In the laboratory: Nikolaus Resch, Gareth Parkinson, Michele Riva, Ulrike Diebold and Florian Kraushofer (from l. to r.) © TU Wien

Iridium oxide plays an important role in the field of electrochemistry. The material is an excellent catalyst and can be used, for example, for the production of energy carriers such as hydrogen from water. However, the arrangement of the atoms on its surface is completely different to that previously assumed. This was the conclusion of a study on human research and artificial intelligence jointly carried out by the Vienna University of Technology and the Technical University of Munich as published in the journal "Physical Review Letters".
"When a crystal grows slowly, it normally forms the surface that is most favourable in terms of energy," says Florian Kraushofer, who belongs to the research group led by Prof. Ulrike Diebold of the Institute for Applied Physics at the Vienna University of Technology. Not all possible atomic arrangements are stable though, and in some cases the atoms shift or rearrange on the surface to save energy. "One frequently needs to perform very complex simulations using a supercomputer to determine which geometric configuration is the most stable," Kraushofer explains. "In the case of iridium oxide, such calculations had shown that the most stable surface was formed in the so-called 110 direction. However, surprisingly our experiments came to a completely different conclusion."
A team led by Karsten Reuter of the Technical University of Munich also focused on iridium oxide by using artificial intelligence. "Just like the experiment, the machine learning algorithms had predicted the stable direction of the iridium oxide surface to be different from what was previously thought," Reuter says.

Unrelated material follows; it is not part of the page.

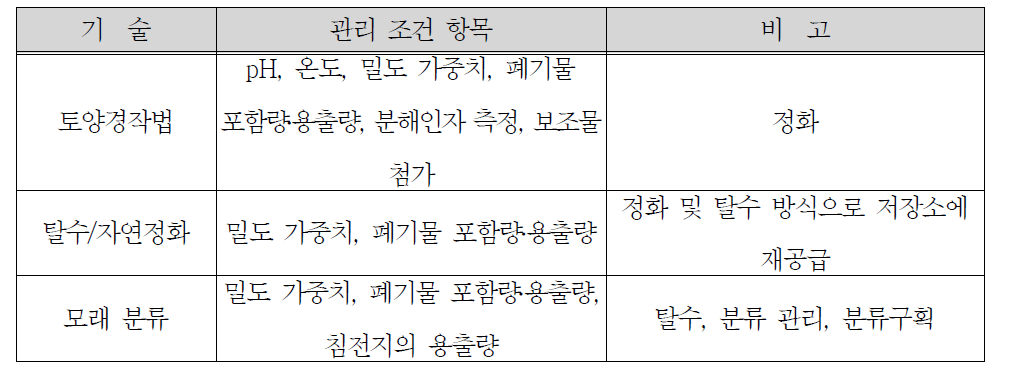 준설 오염토양의 정화방법에 따른 허용기준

Further investigations were then carried out, including more extensive computer simulations, and the results were the same.

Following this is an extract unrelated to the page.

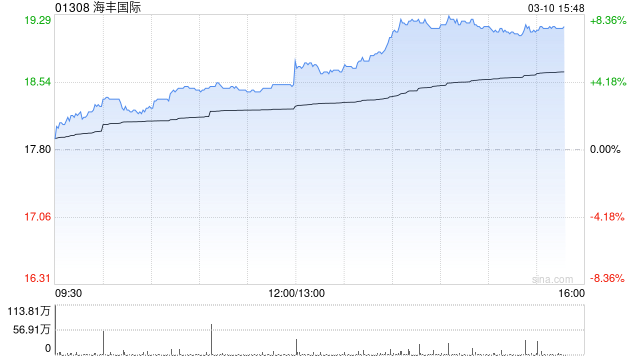 港股物流股午后大幅拉升 海丰国际涨近8% 去年财报期内利润增长超90%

"So now we have to rethink all previous results on iridium dioxide," says Ulrike Diebold. "The orientation of the surface plays a decisive role in the chemical and physical behaviour of the material."
For Diebold, the result is also important proof that new research methods in the field of machine learning can be extremely valuable for science, especially for materials research. "This will not replace human intelligence - just as it has not been able to replace us with computer simulations up to now," Diebold is convinced. "But machine learning algorithms will help us come up with good ideas that we would not necessarily have thought of ourselves."